There was no hospital bed shortage. There never had been. Hospitals and other medical facilities were laying off doctors and nurses because there weren't patients to treat.
Thousands of health care workers were laid off and thousands of hospital beds were left empty as hospitals focused on only treating the sickest COVID patients. Elective services were suspended, hospitals lost money hand over fist, and nurses exited health care, in some cases permanently. You have probably noticed staffing shortages in the medical system. Thank COVID shutdowns for that.
So Walz had a choice: keep still infectious patients in the hospital or return them to nursing homes. He chose the latter and killed hundreds. They died without their families, too, as nobody was allowed to visit their relatives.
The Centers for Disease Control and Prevention (CDC) was among those warning that nursing-home populations were at increased risk of being infected by — and dying from — the coronavirus, with the sick and elderly most vulnerable.
However, Walz’s administration wanted to rush sick patients back to such homes, despite warnings that they did not allow safe distancing or the level of prevention needed, the Park Rapids Enterprise made clear at the time.

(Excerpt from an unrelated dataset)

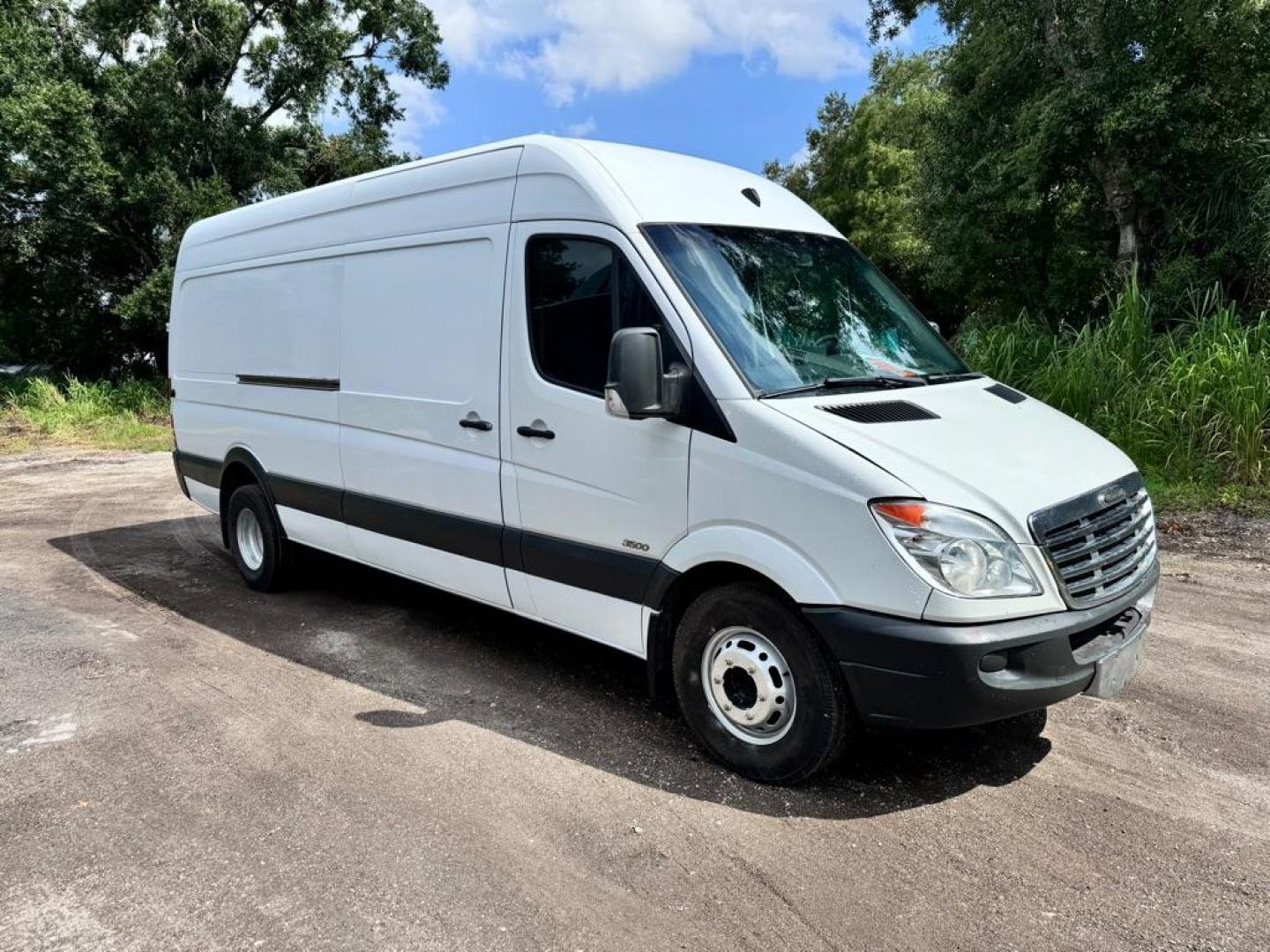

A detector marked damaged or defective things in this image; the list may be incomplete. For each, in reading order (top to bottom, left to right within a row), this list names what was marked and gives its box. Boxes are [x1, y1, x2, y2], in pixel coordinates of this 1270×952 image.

cracked windshield [649, 224, 967, 395]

The policy has since been scrubbed from the public-facing Minnesota government website, according to Fox News, which used the Wayback Machine to find it.
“Patients with confirmed or suspected COVID-19 who still require transmission-based precautions for COVID-19 can be transferred to congregate living facilities,” the policy said.
“It is the recommendation of MDH that patients with suspected or confirmed COVID-19 can be discharged when clinically indicated and neither discontinuation of transmission-based precautions nor the establishment of two negative COVID-19 tests is required prior to hospital discharge.”
I believed then and still think now that Tim Walz is a monster. He knew what he was doing. And, contrary to what he claimed, the federal government warned the governors that this was dangerous. But he did it anyway.
If I were a cynic, I would think it was to save the state money by killing off an expensive demographic, but is anybody that sociopathic?
Tim Walz has never been held accountable for his manslaughter by depraved indifference. Soon, he may be one heartbeat away from the presidency.
The Harris/Walz campaign's slogan should be: failing upward.